Born in Port Said, Egypt, he was educated at Cairo University in Egypt and then Purdue University in the United States, before joining Bell Labs in 1949 and later adopting the more anglicized "John" or "Martin" M. Atalla as professional names. He made several important contributions to semiconductor technology at Bell Labs, including his development of the surface passivation process and his demonstration of the MOSFET with Kahng in 1959.
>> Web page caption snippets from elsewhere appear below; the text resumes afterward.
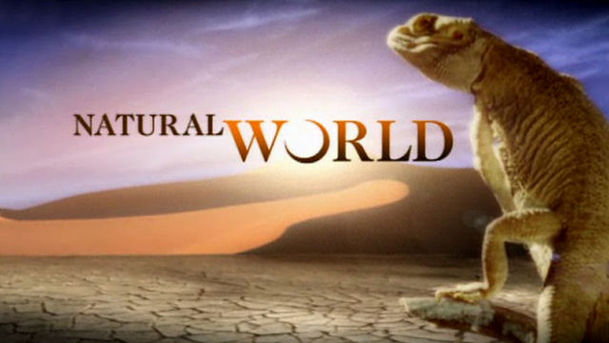 logo for Natural World - 2008-2009 - A Farm for the Future
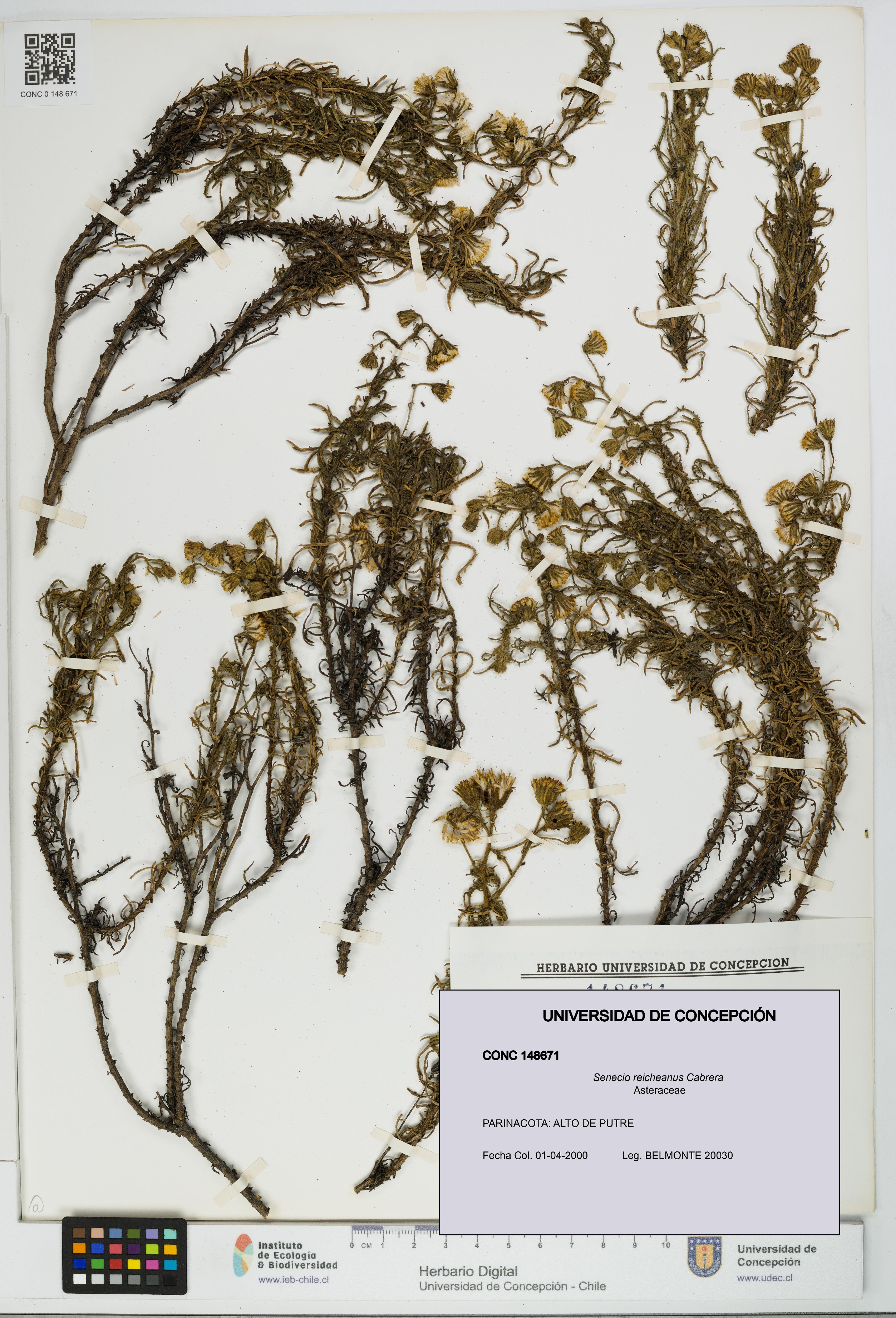 Senecio reicheanus [Espécimen: UDEC:CONC:0148671]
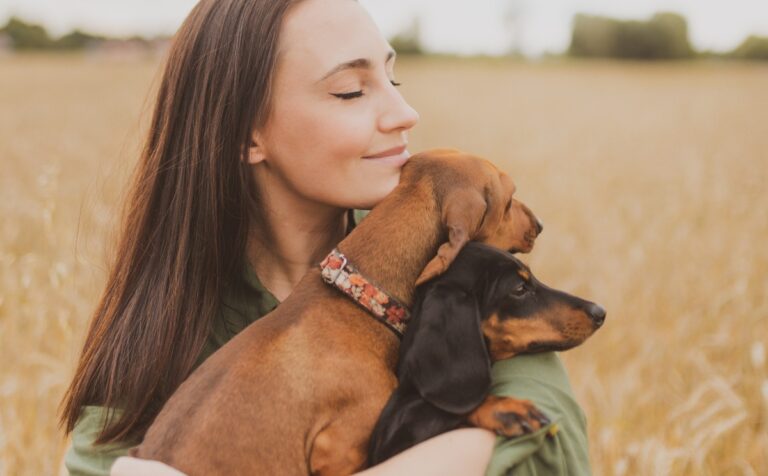 Cuáles son las razas de perros que acompañan mejor a las mujeres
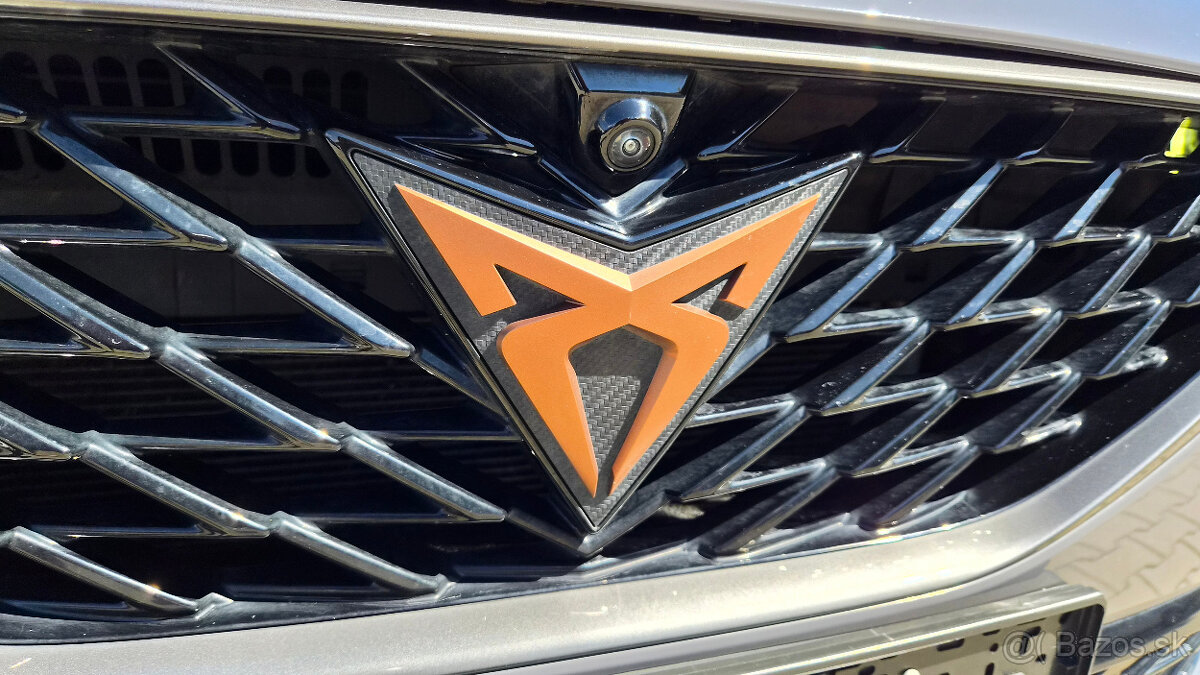 Cupra Formentor 2.0 TSI 245k DSG Veloz - 19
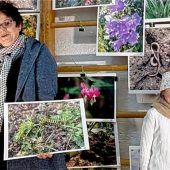 Preisverleihung beim Wettbewerb des Ortsverschönerungsvereins: Der Garten inspiriert die Fotografen
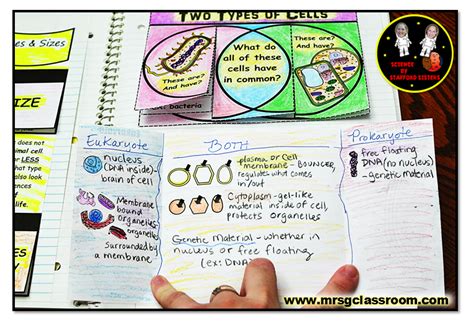 Image result for Interactive Notebook Science 4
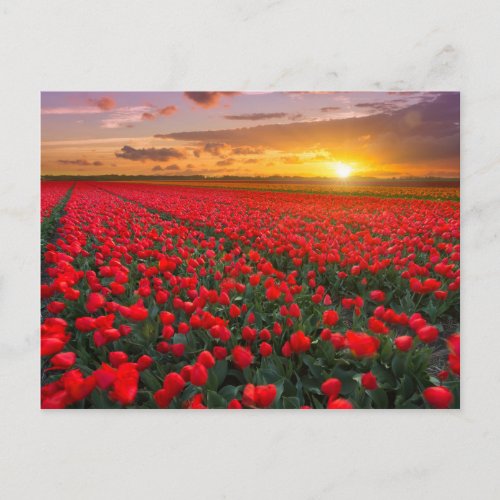 Tulip Fields at Sunset in the Netherlands Postcard
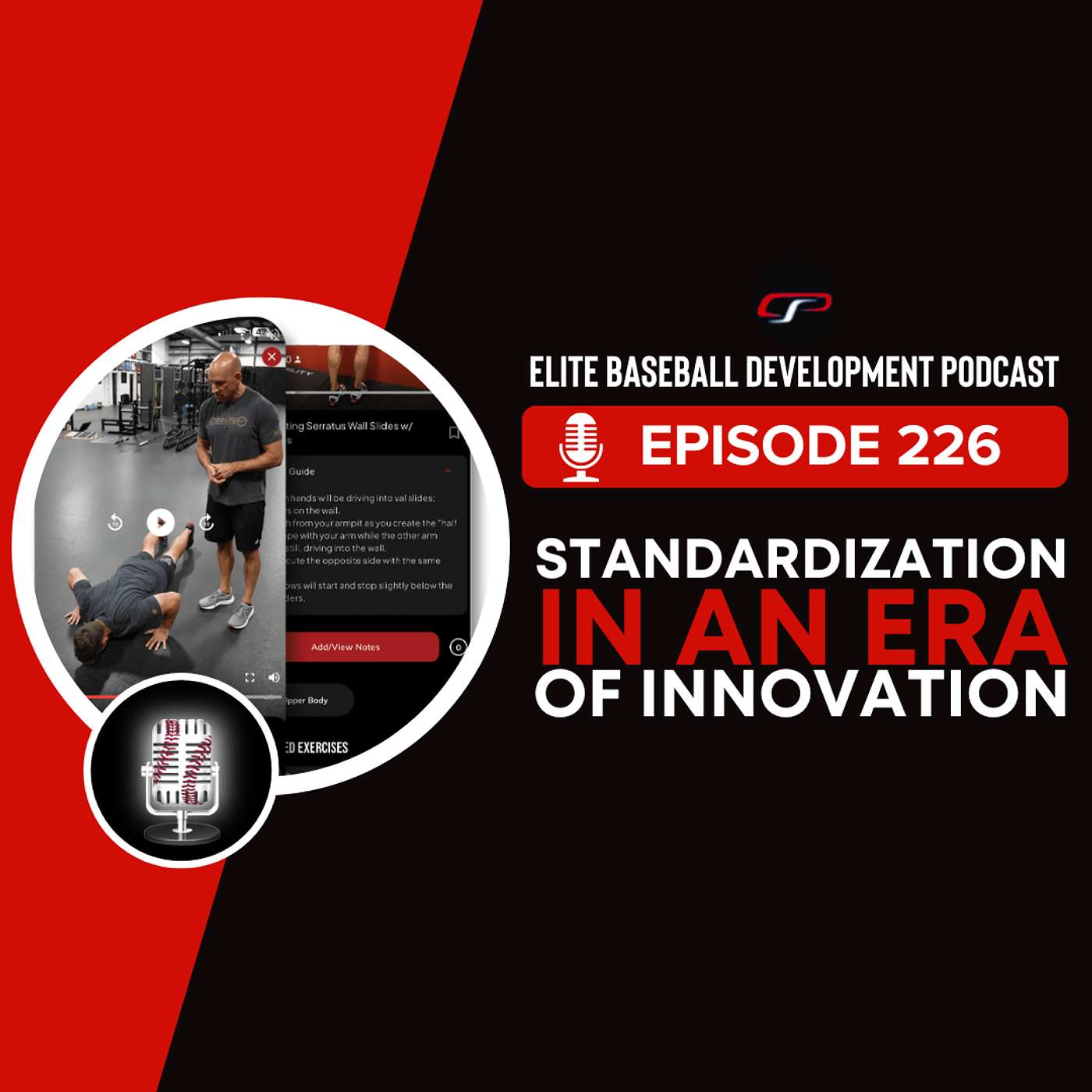 226. Standardization in an Era of Innovation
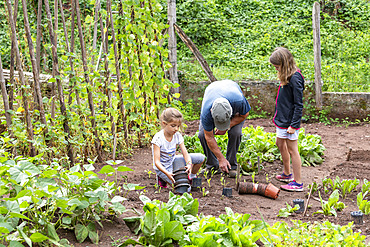 Grandfather and his granddaughters gardening in a vegetable garden in summer, Moselle, France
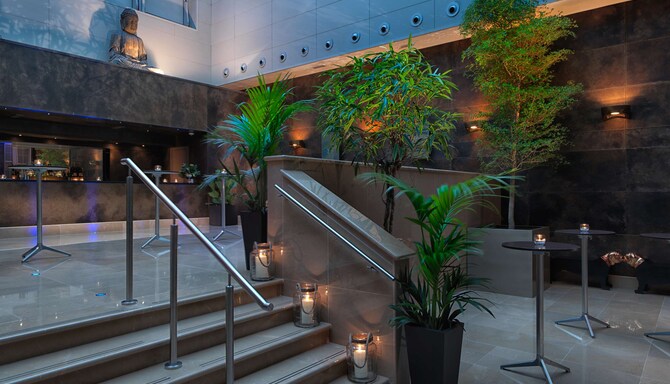 The May Fair London, A Radisson Collection Hotel - MAY CON ATRIUM P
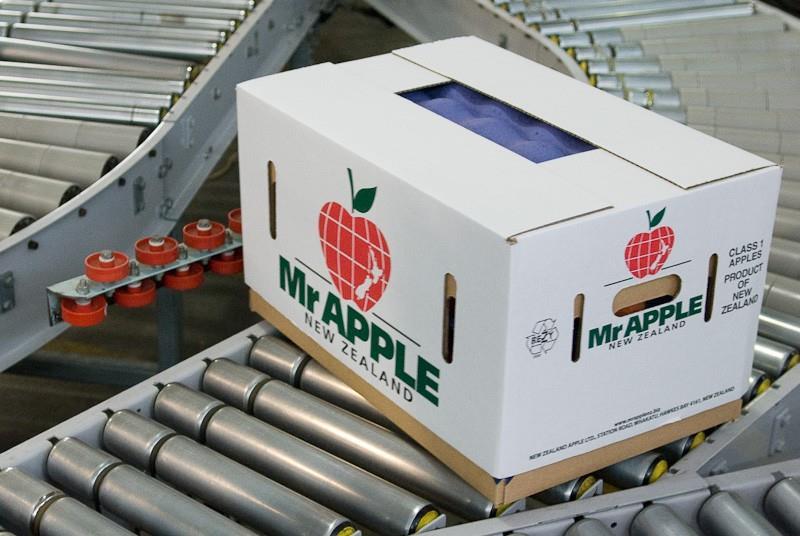 Scales Corp lifts forecast earnings Article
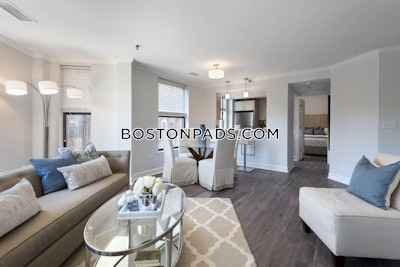Back Bay 1 bedroom  baths Luxury in BOSTON Boston - $4,499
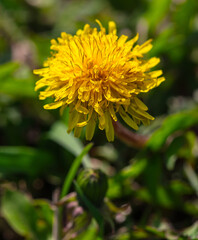 Yellow dandelion flowers in nature in spring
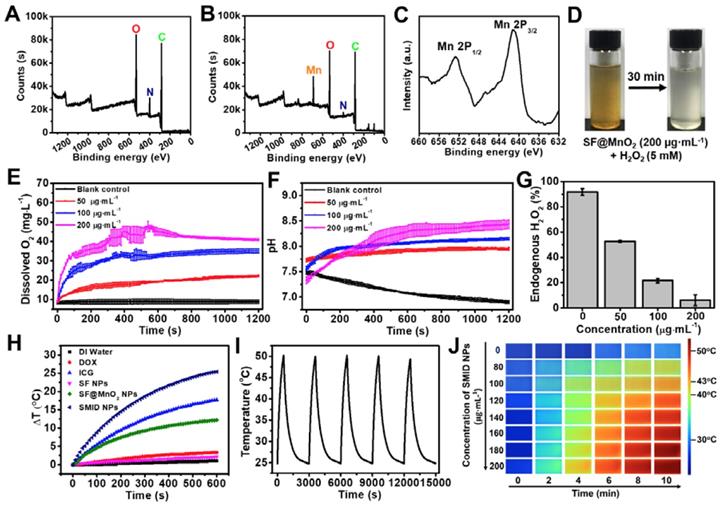 Theranostics Image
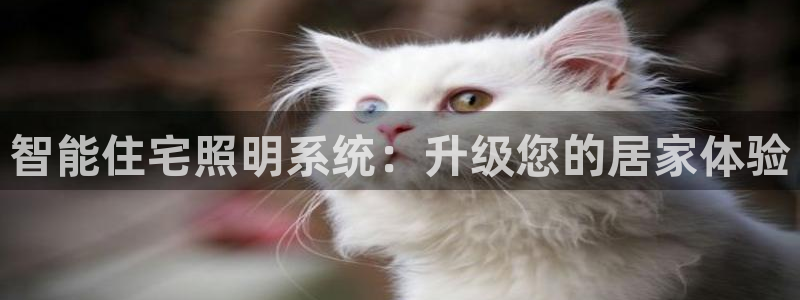智能住宅照明系统：升级您的居家体验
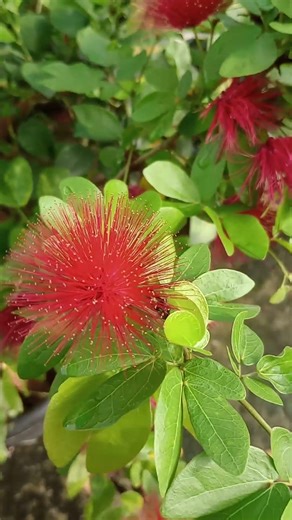 This Plant Has The Coolest Red Flowers! Calliandra haematocephala powder puff flower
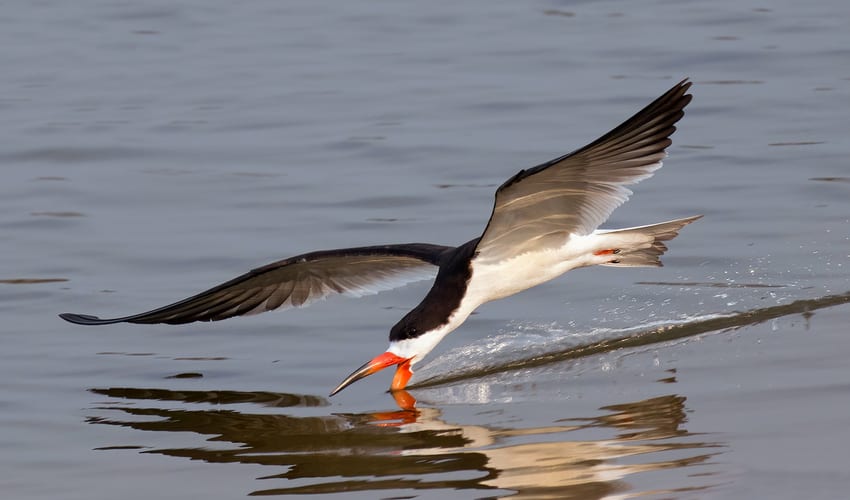 Rynchops Skimmers facts, distribution & population BioDB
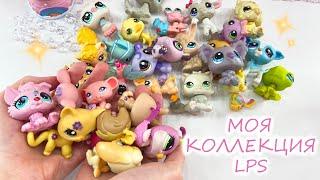 МОЯ КОЛЛЕКЦИЯ LPS / Мои Littlest Pet Shop Пет Шопы / Редкие петы, стоячки, кошки, собаки, мышки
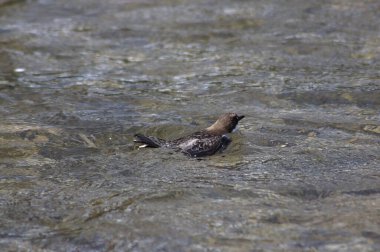 A beautiful shot of a dipper in the water on a sunny day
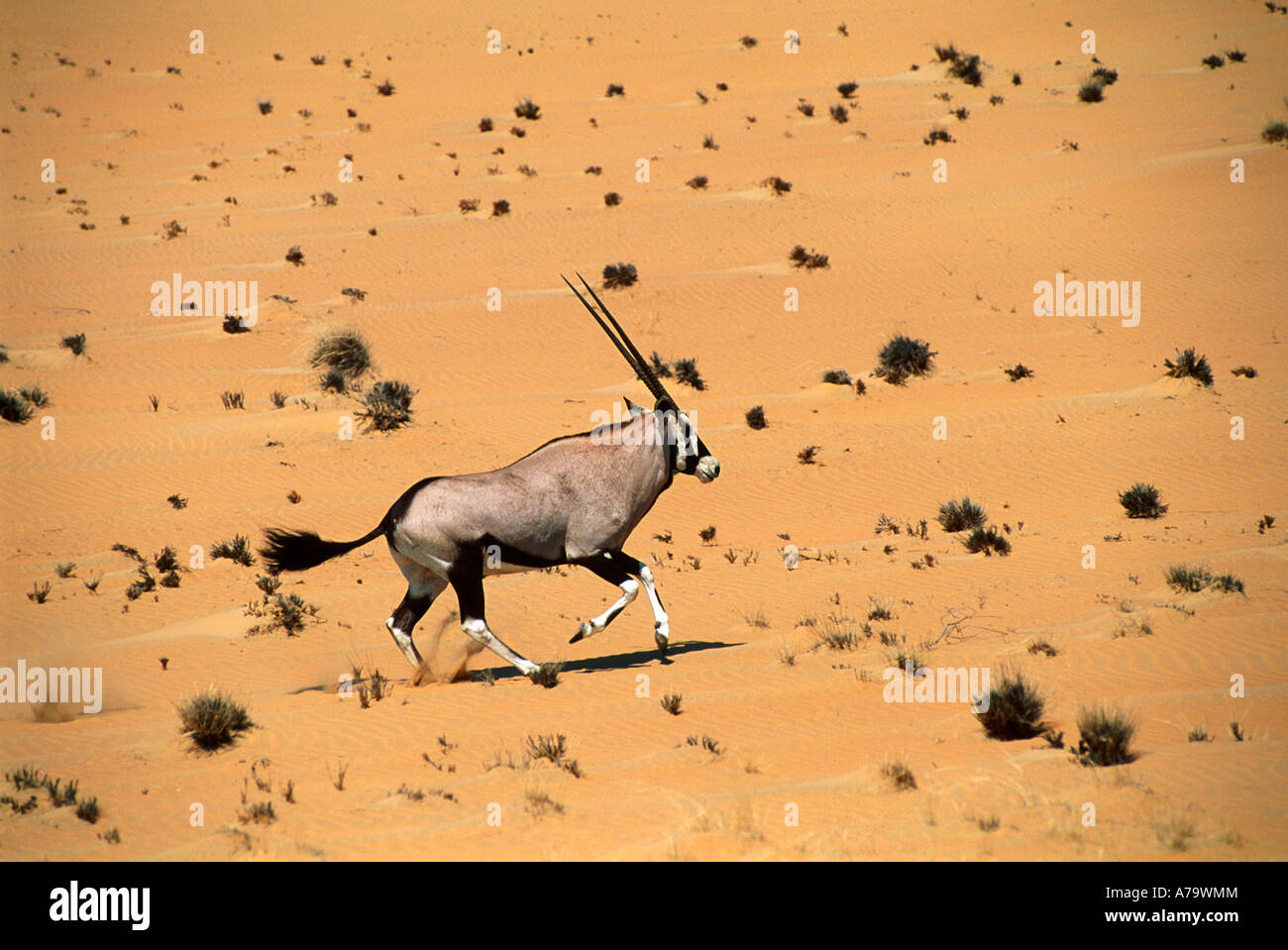 Gemsbock Oryx Gazella quer Sanddüne Hartmanns Tal Kaokoveld Namibia Stockfoto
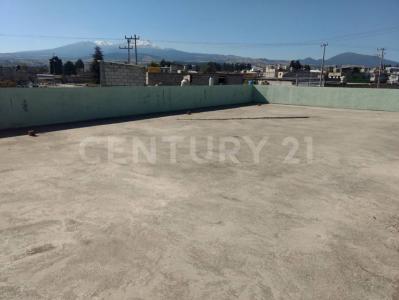 Temascaltepec S/N, Zinacantepec, Estado De México 51367, México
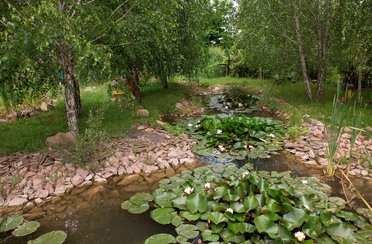 Рыбацкая деревня. Фото 3835.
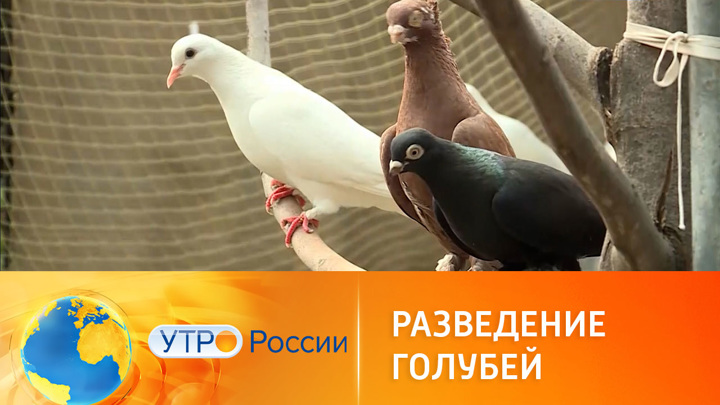 Утро России. В Адыгее энтузиасты обеспокоились судьбой голубей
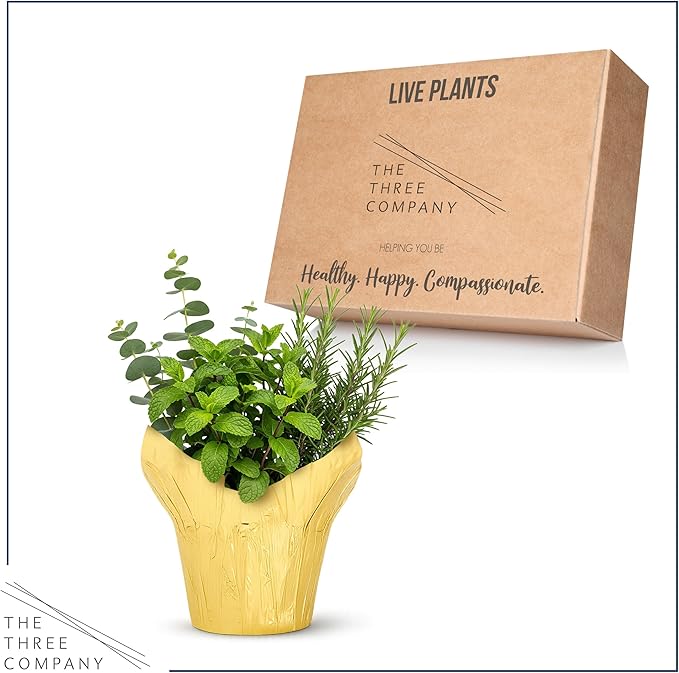 Live Aromatic and Healthy Herb Combo in Deco Cover - Breathe Better, Combo Includes Eucalpytus, Mint, and Rosemary, 12" Tall by 6" Wide in 1.25 Quart Pot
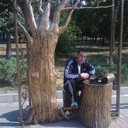 ���������� ���������, ���� ������� �������, 43 ����, ������������ ��� ������, ����� � ���������, c�������� ���������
His work on MOSFET was initially overlooked at Bell, which led to his resignation from Bell and joining Hewlett-Packard, founding its Semiconductor Lab in 1962 and then HP Labs in 1966, before leaving to join Fairchild Semiconductor, founding its Microwave & Optoelectronics division in 1969. His work at HP and Fairchild included research on Schottky diode, gallium arsenide, gallium arsenide phosphide, indium arsenide and light-emitting diode technologies. He later left the semiconductor industry, and became an entrepreneur in cryptography and data security. In 1972, he founded Atalla Corporation, and filed a patent for a remote Personal Identification Number security system. In 1973, he released the first hardware security module, the "Atalla Box", which encrypted PIN and ATM messages, and went on to secure the majority of the world's ATM transactions. He later founded the Internet security company TriStrata Security in the 1990s. He died in Atherton, California, on December 30, 2009.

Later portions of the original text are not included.